* **ASSIGNED TASK**: Print out the data below in full, exactly as written.

● ● ● ● ●

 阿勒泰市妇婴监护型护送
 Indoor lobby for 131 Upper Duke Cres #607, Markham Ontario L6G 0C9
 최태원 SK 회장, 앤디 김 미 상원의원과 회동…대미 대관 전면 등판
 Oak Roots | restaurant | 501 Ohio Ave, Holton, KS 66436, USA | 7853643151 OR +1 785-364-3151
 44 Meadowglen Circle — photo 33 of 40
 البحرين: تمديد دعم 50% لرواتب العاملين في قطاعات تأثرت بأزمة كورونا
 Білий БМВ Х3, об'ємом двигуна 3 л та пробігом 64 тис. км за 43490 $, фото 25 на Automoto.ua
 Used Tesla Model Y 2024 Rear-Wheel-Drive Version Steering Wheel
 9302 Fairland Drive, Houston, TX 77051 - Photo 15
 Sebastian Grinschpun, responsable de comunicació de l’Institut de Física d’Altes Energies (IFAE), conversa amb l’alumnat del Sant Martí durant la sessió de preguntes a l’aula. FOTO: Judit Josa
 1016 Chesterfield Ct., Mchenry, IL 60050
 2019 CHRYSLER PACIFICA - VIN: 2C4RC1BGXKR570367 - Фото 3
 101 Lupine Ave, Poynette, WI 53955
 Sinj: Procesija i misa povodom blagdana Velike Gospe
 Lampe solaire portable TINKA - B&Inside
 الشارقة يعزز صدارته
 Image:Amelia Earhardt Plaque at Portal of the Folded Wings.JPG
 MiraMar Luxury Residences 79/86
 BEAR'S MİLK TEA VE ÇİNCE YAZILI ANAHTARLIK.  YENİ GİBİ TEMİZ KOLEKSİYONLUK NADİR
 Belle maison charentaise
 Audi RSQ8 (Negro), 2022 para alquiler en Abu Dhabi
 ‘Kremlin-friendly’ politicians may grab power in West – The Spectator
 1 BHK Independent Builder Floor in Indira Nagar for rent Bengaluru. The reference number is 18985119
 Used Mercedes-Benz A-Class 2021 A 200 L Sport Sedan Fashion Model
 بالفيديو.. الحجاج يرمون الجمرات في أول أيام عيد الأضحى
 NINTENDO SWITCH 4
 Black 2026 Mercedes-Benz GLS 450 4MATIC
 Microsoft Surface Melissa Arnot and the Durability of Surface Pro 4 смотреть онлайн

● ● ● ● ●

* **ANSWER TO THE PROBLEM**:
 阿勒泰市妇婴监护型护送
 Indoor lobby for 131 Upper Duke Cres #607, Markham Ontario L6G 0C9
 최태원 SK 회장, 앤디 김 미 상원의원과 회동…대미 대관 전면 등판
 Oak Roots | restaurant | 501 Ohio Ave, Holton, KS 66436, USA | 7853643151 OR +1 785-364-3151
 44 Meadowglen Circle — photo 33 of 40
 البحرين: تمديد دعم 50% لرواتب العاملين في قطاعات تأثرت بأزمة كورونا
 Білий БМВ Х3, об'ємом двигуна 3 л та пробігом 64 тис. км за 43490 $, фото 25 на Automoto.ua
 Used Tesla Model Y 2024 Rear-Wheel-Drive Version Steering Wheel
 9302 Fairland Drive, Houston, TX 77051 - Photo 15
 Sebastian Grinschpun, responsable de comunicació de l’Institut de Física d’Altes Energies (IFAE), conversa amb l’alumnat del Sant Martí durant la sessió de preguntes a l’aula. FOTO: Judit Josa
 1016 Chesterfield Ct., Mchenry, IL 60050
 2019 CHRYSLER PACIFICA - VIN: 2C4RC1BGXKR570367 - Фото 3
 101 Lupine Ave, Poynette, WI 53955
 Sinj: Procesija i misa povodom blagdana Velike Gospe
 Lampe solaire portable TINKA - B&Inside
 الشارقة يعزز صدارته
 Image:Amelia Earhardt Plaque at Portal of the Folded Wings.JPG
 MiraMar Luxury Residences 79/86
 BEAR'S MİLK TEA VE ÇİNCE YAZILI ANAHTARLIK.  YENİ GİBİ TEMİZ KOLEKSİYONLUK NADİR
 Belle maison charentaise
 Audi RSQ8 (Negro), 2022 para alquiler en Abu Dhabi
 ‘Kremlin-friendly’ politicians may grab power in West – The Spectator
 1 BHK Independent Builder Floor in Indira Nagar for rent Bengaluru. The reference number is 18985119
 Used Mercedes-Benz A-Class 2021 A 200 L Sport Sedan Fashion Model
 بالفيديو.. الحجاج يرمون الجمرات في أول أيام عيد الأضحى
 NINTENDO SWITCH 4
 Black 2026 Mercedes-Benz GLS 450 4MATIC
 Microsoft Surface Melissa Arnot and the Durability of Surface Pro 4 смотреть онлайн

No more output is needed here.